Transcribe everything in the listing as written, and let no image into the copy.
=== PROVIDED MATERIAL ===
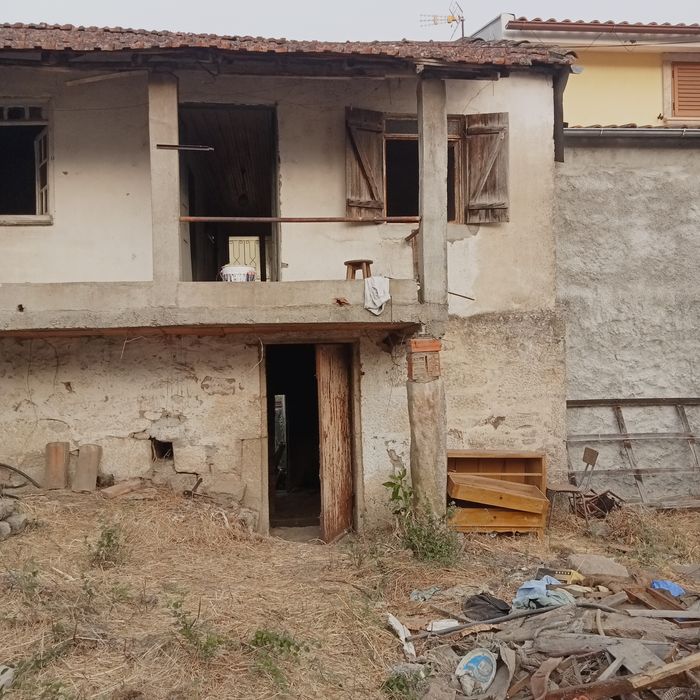 Moradia em Chaves Recuperar 400m

Sta Cruz / Trindade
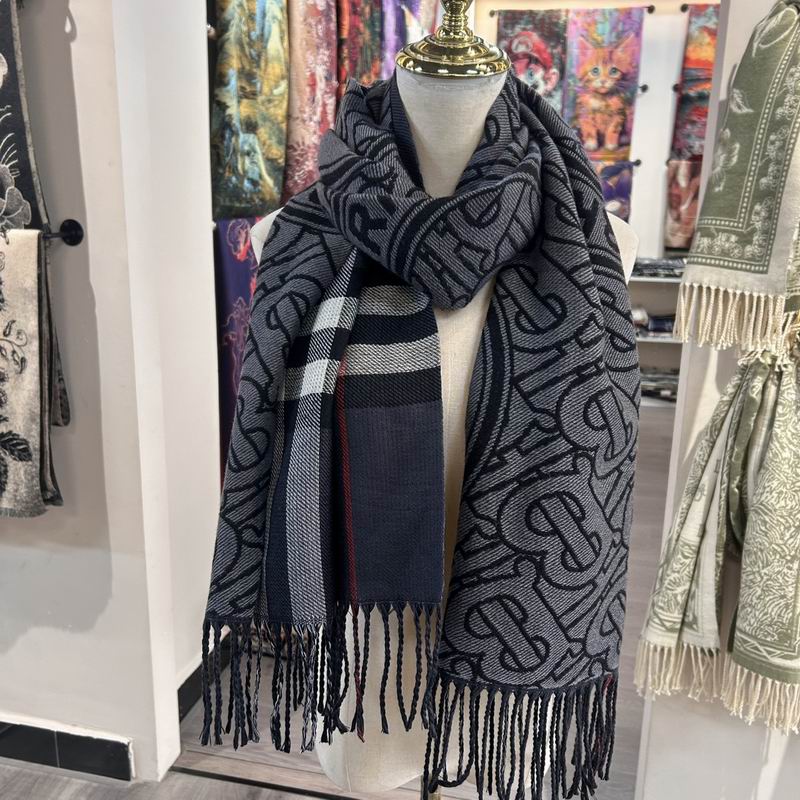 Burberry scarf E (3)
===
RESULT FOR THIS EXERCISE:
 Moradia em Chaves Recuperar 400m

Sta Cruz / Trindade
 Burberry scarf E (3)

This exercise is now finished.